« Qui n’est pas raciste, ici ? » de Akli Tadjer.

Le livre. A la rentrée scolaire, une professeure de français d’un lycée picard se trouve confrontée à une fronde inédite lorsqu’elle présente le livre qu’elle compte faire étudier à sa classe de terminale. Troisième roman d’Akli Tadjer, Le Porteur de cartable (JC Lattès, 2002) raconte la naissance d’une amitié indéfectible entre Omar et Raphaël, deux gamins que tout oppose dans la France de 1962, déchirée par les conséquences du conflit algérien. C’est inacceptable pour certains élèves qui dénigrent en bloc l’auteur, qui n’est pas français, l’intrigue, qui ne concerne pas la France, et le vocabulaire employé, noms propres et noms communs arabes pareillement rejetés…

Pour terrible qu’elle soit, l’anecdote aurait pu s’effacer des mémoires sans susciter l’analyse qu’elle mérite pourtant. Imaginez le désarroi, pis, la colère de l’écrivain – il se dit même « choqué, blessé et rendu furieux » – quand il apprend que la rencontre scolaire prévue est compromise. Accusant le coup sous l’insulte faite à l’engagement de sa vie, Akli Tadjer rend publics sur les réseaux sociaux le propos délictueux, puisque le racisme est un délit, et non une opinion, et entend relever le défi en visitant dans leur lycée ces adolescents presque majeurs qui refusent l’altérité aussi radicalement que le débat.
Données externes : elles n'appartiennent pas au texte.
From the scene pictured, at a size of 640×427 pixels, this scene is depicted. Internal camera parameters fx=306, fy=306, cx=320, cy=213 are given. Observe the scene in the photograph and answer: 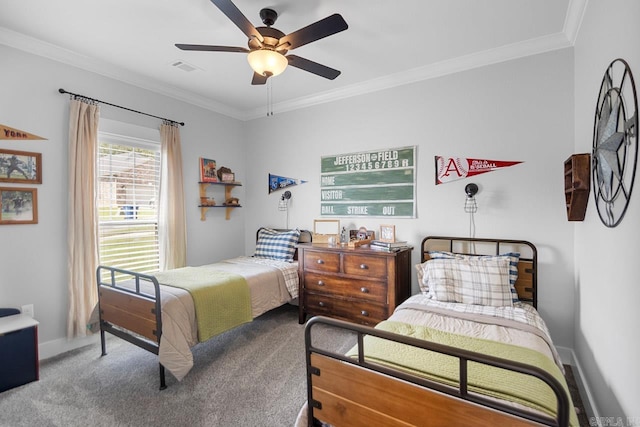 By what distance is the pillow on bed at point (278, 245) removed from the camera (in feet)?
12.6

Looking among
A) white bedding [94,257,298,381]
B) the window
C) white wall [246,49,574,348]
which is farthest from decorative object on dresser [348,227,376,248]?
the window

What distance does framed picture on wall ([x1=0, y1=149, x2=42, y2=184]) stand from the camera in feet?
8.36

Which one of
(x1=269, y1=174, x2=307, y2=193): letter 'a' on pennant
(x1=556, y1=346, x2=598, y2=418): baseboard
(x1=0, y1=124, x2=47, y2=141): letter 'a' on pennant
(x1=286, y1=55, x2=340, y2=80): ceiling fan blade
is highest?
(x1=286, y1=55, x2=340, y2=80): ceiling fan blade

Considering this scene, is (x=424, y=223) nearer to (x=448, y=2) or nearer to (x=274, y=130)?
(x=448, y=2)

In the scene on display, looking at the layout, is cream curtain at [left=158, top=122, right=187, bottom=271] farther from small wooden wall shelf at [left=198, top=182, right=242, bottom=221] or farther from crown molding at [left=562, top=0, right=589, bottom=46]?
crown molding at [left=562, top=0, right=589, bottom=46]

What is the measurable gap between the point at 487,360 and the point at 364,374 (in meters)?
0.51

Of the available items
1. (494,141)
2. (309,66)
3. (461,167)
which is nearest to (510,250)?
(461,167)

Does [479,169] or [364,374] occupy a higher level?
[479,169]

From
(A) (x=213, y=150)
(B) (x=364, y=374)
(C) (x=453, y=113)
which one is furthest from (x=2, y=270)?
(C) (x=453, y=113)

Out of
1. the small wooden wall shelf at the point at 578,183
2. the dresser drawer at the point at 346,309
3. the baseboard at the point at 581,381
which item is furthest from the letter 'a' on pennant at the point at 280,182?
the baseboard at the point at 581,381

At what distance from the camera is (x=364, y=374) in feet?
4.42

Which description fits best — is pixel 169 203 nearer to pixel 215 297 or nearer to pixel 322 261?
pixel 215 297

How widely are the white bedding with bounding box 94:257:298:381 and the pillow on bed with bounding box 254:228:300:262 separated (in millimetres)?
364

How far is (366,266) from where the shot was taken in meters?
3.04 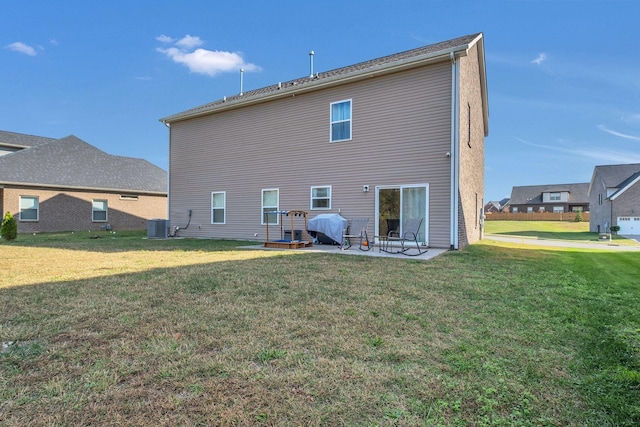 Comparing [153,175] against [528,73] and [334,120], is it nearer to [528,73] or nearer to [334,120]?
[334,120]

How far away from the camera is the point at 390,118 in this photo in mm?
10266

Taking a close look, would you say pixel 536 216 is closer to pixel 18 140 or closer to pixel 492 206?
pixel 492 206

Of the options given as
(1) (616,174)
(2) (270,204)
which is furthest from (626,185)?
(2) (270,204)

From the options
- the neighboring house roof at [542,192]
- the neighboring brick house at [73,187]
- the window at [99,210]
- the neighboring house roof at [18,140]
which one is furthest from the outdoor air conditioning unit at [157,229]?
the neighboring house roof at [542,192]

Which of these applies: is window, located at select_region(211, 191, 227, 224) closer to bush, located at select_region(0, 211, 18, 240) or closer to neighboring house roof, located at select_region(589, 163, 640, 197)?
bush, located at select_region(0, 211, 18, 240)

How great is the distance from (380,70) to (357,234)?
5.06m

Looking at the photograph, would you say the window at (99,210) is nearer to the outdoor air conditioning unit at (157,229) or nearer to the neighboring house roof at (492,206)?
the outdoor air conditioning unit at (157,229)

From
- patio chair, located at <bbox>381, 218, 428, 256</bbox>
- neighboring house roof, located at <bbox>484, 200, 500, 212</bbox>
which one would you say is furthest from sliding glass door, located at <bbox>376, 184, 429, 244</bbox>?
neighboring house roof, located at <bbox>484, 200, 500, 212</bbox>

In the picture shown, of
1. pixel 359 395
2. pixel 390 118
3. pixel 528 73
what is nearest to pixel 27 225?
pixel 390 118

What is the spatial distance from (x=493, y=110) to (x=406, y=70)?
31.6ft

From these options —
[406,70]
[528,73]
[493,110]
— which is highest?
[528,73]

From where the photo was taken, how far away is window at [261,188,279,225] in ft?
40.9

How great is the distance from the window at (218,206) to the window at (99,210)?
1041 cm

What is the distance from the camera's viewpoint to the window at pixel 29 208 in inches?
682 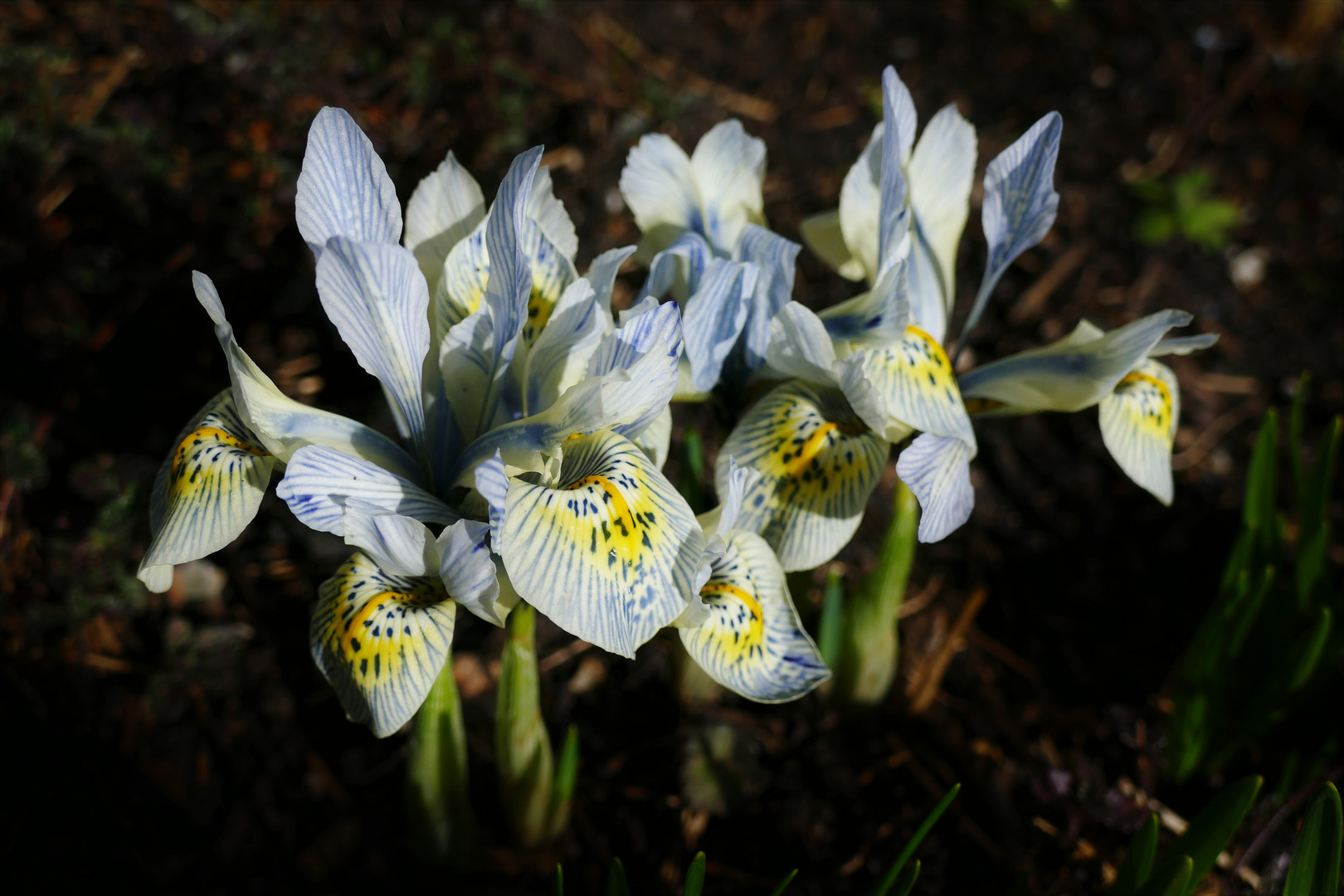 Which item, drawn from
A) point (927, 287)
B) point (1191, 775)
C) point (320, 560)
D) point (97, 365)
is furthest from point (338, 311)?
point (1191, 775)

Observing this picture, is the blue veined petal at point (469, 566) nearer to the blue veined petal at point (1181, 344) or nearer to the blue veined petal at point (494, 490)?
the blue veined petal at point (494, 490)

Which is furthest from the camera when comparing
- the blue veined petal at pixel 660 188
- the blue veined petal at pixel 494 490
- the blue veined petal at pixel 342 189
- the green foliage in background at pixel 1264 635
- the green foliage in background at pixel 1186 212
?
the green foliage in background at pixel 1186 212

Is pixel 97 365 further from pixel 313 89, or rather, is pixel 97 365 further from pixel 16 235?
pixel 313 89

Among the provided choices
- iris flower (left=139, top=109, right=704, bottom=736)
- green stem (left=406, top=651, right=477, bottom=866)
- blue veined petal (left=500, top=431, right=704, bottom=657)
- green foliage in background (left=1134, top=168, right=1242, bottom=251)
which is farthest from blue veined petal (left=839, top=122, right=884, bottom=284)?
green foliage in background (left=1134, top=168, right=1242, bottom=251)

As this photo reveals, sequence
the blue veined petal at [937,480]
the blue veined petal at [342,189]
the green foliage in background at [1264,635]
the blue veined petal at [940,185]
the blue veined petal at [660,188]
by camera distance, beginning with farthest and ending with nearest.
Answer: the green foliage in background at [1264,635], the blue veined petal at [940,185], the blue veined petal at [660,188], the blue veined petal at [937,480], the blue veined petal at [342,189]

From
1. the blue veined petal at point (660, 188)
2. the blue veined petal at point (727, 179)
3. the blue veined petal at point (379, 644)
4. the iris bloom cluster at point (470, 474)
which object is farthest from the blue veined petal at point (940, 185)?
the blue veined petal at point (379, 644) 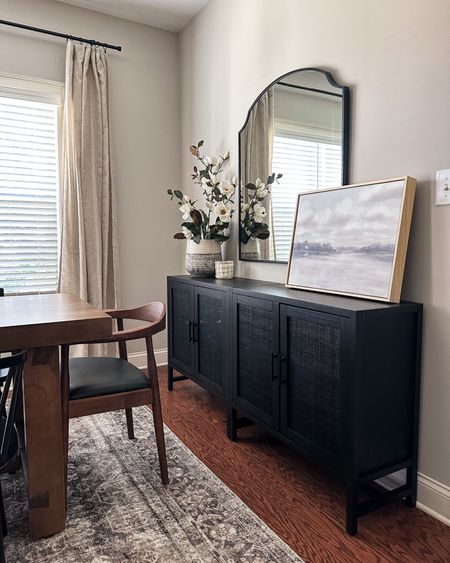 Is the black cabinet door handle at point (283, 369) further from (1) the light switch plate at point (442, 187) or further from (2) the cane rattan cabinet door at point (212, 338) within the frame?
(1) the light switch plate at point (442, 187)

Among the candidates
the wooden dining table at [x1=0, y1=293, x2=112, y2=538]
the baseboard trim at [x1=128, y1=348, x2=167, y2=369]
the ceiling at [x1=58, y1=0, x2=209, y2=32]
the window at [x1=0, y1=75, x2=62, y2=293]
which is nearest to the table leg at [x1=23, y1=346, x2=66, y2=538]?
the wooden dining table at [x1=0, y1=293, x2=112, y2=538]

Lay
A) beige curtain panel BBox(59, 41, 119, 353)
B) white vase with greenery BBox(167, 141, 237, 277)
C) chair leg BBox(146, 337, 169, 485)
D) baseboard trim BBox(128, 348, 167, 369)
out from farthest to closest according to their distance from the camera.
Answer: baseboard trim BBox(128, 348, 167, 369)
beige curtain panel BBox(59, 41, 119, 353)
white vase with greenery BBox(167, 141, 237, 277)
chair leg BBox(146, 337, 169, 485)

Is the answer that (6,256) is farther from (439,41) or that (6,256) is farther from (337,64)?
(439,41)

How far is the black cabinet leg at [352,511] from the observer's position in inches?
64.1

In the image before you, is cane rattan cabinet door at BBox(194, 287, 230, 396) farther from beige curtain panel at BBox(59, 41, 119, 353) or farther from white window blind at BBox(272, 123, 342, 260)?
beige curtain panel at BBox(59, 41, 119, 353)

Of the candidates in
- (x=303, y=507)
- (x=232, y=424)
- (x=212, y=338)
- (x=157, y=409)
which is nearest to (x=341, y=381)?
(x=303, y=507)

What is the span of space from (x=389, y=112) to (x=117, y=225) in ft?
7.61

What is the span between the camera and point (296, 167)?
2445 mm

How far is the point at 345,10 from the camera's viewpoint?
6.84 ft

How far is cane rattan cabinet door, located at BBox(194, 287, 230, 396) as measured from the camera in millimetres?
2479

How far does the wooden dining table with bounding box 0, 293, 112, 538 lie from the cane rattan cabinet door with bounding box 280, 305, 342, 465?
799 mm

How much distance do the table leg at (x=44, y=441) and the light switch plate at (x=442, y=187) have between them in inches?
61.7

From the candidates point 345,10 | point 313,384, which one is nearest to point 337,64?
point 345,10

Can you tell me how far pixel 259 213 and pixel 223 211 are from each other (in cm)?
27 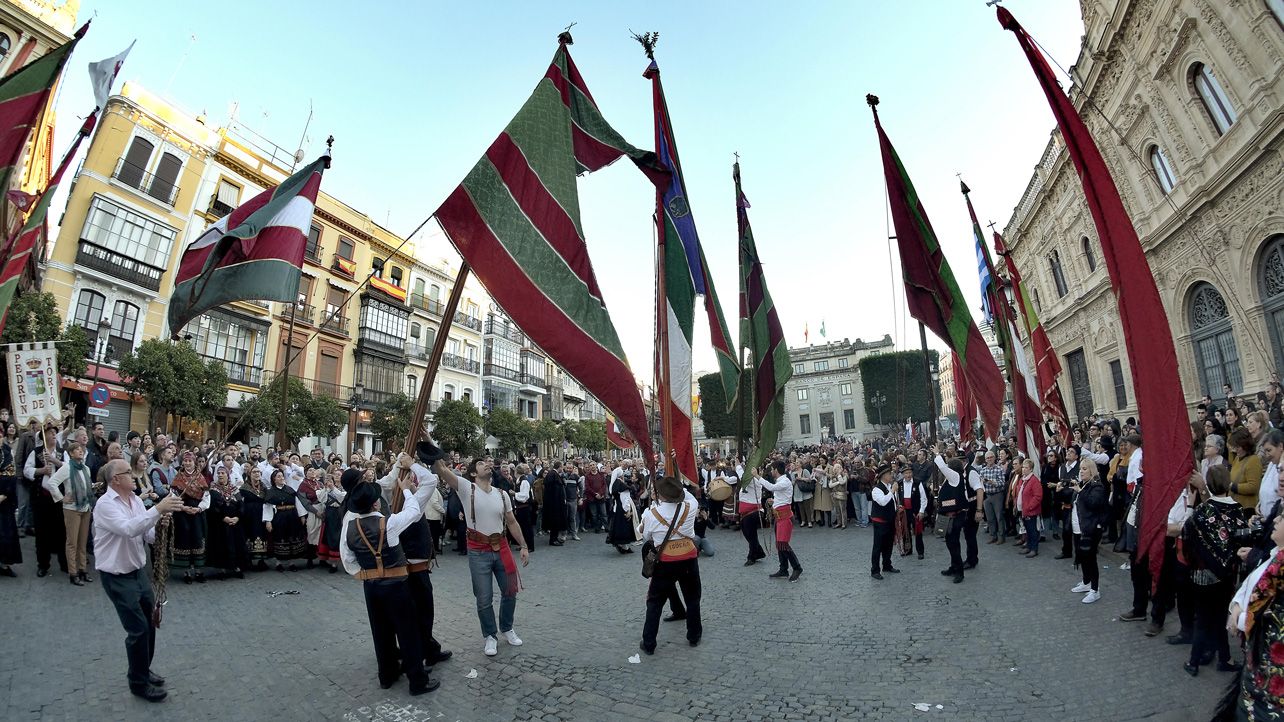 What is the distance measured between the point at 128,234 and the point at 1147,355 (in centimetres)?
3170

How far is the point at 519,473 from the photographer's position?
566 inches

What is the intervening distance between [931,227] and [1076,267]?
2309 cm

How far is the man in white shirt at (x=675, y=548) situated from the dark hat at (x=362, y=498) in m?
2.65

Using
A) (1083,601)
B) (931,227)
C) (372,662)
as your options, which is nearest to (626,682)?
(372,662)

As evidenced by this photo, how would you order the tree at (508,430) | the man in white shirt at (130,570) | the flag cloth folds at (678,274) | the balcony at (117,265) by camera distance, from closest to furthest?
the man in white shirt at (130,570) < the flag cloth folds at (678,274) < the balcony at (117,265) < the tree at (508,430)

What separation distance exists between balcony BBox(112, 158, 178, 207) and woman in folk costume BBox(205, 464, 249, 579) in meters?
22.2

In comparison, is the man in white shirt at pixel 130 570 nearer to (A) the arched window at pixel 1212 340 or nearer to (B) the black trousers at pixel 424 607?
(B) the black trousers at pixel 424 607

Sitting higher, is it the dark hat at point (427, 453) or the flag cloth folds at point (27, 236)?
the flag cloth folds at point (27, 236)

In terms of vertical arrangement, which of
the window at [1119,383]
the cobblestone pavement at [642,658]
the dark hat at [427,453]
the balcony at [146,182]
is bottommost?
the cobblestone pavement at [642,658]

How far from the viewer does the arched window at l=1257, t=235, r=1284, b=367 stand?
14008mm

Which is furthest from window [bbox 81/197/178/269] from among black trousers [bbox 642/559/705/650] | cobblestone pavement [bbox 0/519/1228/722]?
black trousers [bbox 642/559/705/650]

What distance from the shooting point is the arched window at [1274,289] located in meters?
14.0

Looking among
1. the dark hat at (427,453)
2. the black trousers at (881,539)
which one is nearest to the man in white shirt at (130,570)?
the dark hat at (427,453)

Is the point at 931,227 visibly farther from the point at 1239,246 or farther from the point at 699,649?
the point at 1239,246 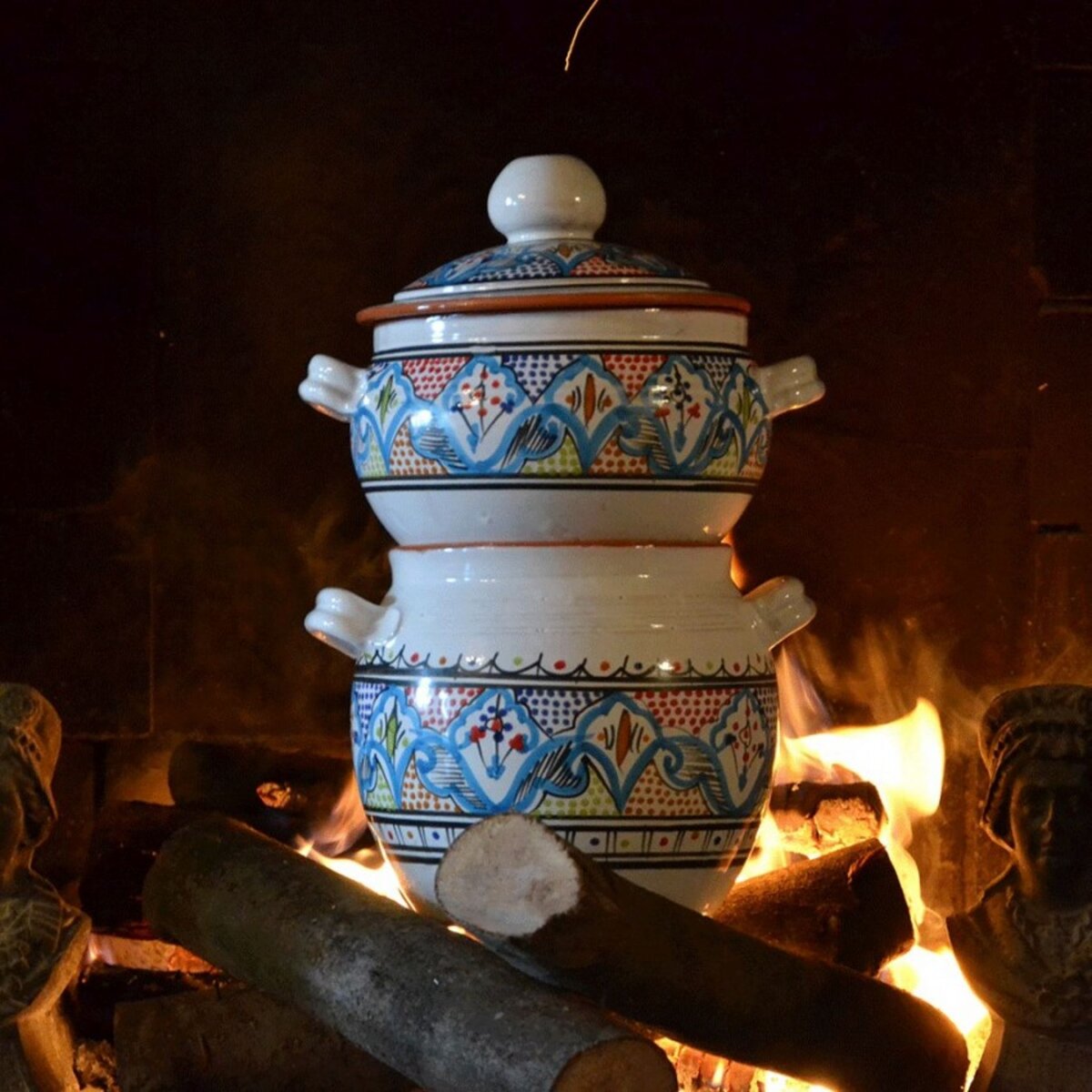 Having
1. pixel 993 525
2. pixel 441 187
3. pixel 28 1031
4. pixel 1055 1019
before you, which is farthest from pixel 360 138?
pixel 1055 1019

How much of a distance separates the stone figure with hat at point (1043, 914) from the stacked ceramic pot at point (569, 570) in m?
0.21

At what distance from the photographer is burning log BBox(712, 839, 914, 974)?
5.72 feet

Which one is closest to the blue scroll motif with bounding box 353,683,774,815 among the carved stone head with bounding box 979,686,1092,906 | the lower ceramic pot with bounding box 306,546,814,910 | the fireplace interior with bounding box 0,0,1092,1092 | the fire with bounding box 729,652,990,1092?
the lower ceramic pot with bounding box 306,546,814,910

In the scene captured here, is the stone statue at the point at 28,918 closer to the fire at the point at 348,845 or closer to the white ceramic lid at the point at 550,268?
the fire at the point at 348,845

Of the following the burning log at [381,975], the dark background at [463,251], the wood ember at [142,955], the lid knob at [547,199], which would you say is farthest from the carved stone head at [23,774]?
the lid knob at [547,199]

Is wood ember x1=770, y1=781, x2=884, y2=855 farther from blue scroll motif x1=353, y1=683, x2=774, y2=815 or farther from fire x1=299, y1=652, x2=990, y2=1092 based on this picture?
blue scroll motif x1=353, y1=683, x2=774, y2=815

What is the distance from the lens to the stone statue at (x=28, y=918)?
1.58m

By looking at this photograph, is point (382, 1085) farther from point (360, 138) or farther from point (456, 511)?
point (360, 138)

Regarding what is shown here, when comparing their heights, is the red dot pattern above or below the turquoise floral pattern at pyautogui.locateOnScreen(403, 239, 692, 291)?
below

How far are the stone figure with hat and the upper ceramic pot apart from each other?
318mm

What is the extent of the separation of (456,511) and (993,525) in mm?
814

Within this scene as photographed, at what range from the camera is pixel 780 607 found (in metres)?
1.64

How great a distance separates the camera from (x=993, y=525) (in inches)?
84.1

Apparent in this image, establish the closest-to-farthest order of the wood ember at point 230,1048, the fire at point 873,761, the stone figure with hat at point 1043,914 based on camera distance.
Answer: the stone figure with hat at point 1043,914, the wood ember at point 230,1048, the fire at point 873,761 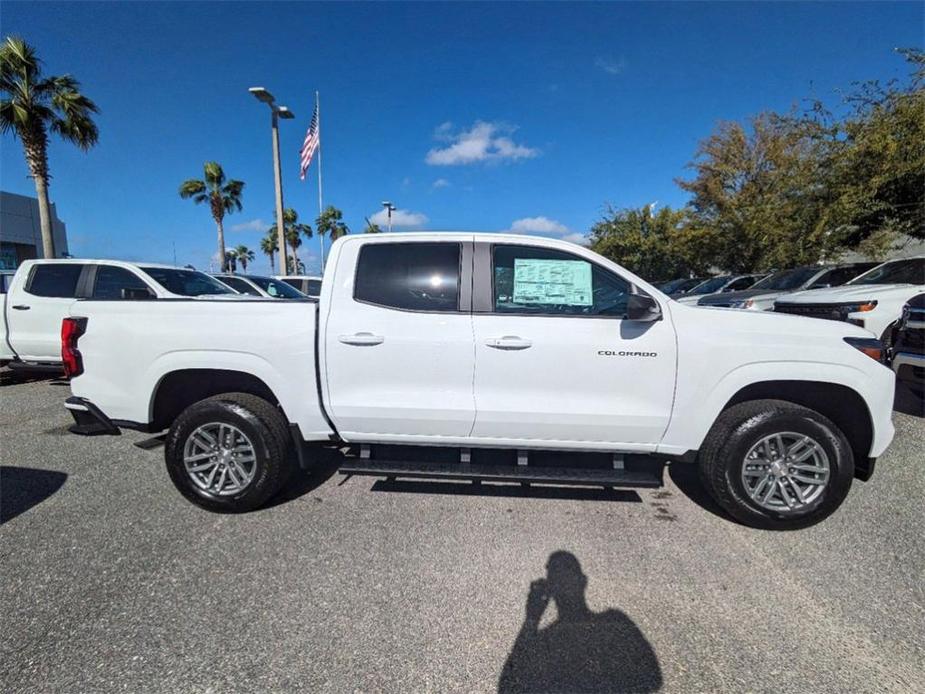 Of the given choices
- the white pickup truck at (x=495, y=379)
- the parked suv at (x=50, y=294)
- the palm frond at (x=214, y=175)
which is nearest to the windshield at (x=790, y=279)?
the white pickup truck at (x=495, y=379)

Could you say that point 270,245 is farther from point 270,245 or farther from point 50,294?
point 50,294

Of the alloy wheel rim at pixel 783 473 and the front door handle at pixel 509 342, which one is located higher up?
the front door handle at pixel 509 342

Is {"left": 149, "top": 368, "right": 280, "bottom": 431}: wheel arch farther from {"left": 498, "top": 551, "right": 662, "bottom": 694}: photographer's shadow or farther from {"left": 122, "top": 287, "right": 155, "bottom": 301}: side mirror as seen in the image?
{"left": 122, "top": 287, "right": 155, "bottom": 301}: side mirror

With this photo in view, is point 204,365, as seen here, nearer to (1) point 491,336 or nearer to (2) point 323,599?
(2) point 323,599

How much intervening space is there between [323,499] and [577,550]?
6.19 feet

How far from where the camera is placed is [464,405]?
2.89 metres

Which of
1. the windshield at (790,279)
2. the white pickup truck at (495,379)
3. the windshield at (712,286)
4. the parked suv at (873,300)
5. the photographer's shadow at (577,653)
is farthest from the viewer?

Lui qui « écri[t] parce qu[’il] porte en [lui] des soleils tourmentés, des bruits de guerre et des feux mal éteints » a donc fait le voyage à Péronne, dans la Somme, et frontalement apostrophé ceux qui ne craignent pas d’assumer le rejet virulent de l’autre. De cette rencontre, le vendredi 16 novembre 2018, Akli Tadjer propose un récit d’une formidable intensité. Sa réponse en quelque sorte à une agression qu’il n’imaginait pas, mais qui lui a permis de redéfinir sa mission, son engagement, sa voie propre.

L’écrivain franco-algérien Akli Tadjer face aux lycéens refusant de lire sa prose
Durée : 02:04

Avec une science de la dramaturgie consommée, il rapporte les silences pesants, les regards qui fuient ou défient, les paradoxes qui se dévoilent quand on est prêt à vivre ailleurs sans réaliser qu’on devient alors un de ces émigrés qui effraient, les propos qui hésitent à faire le show, qu’une vigilance aiguë permet seule de contenir. Mais le plus précieux tient à la façon dont, dans les interstices d’un dialogue haché, l’écrivain franco-algérien se confie. Sur cette double identité qui fut une douleur avant, une fois apaisée, de devenir sa force ; sur les nuits sans sommeil et sans rêve (« il est vrai que j’avais l’ennui facile ») jusqu’à ce que Jules Verne l’invite aux voyages, promesse sans cesse renouvelée depuis, grâce à la littérature ; sur la fonction sociale de l’écrivain et ce devoir comme cet honneur qu’il y a à rencontrer les élèves.

Quoi qu’il advienne. « Je sais que j’ai besoin d’eux pour comprendre le monde de demain », conclut-il, mais, plus visionnaire, il ajoute : « C’est de l’addition de nos antagonismes que naîtra la beauté. » Un credo dans la langue et la franchise qui mériterait de désarmer la bêtise.

« Qui n’est pas raciste, ici ? » de Akli Tadjer.

« Qui n’est pas raciste, ici ? » de Akli Tadjer. JC Lattès, 60 pages, 6,90 euros.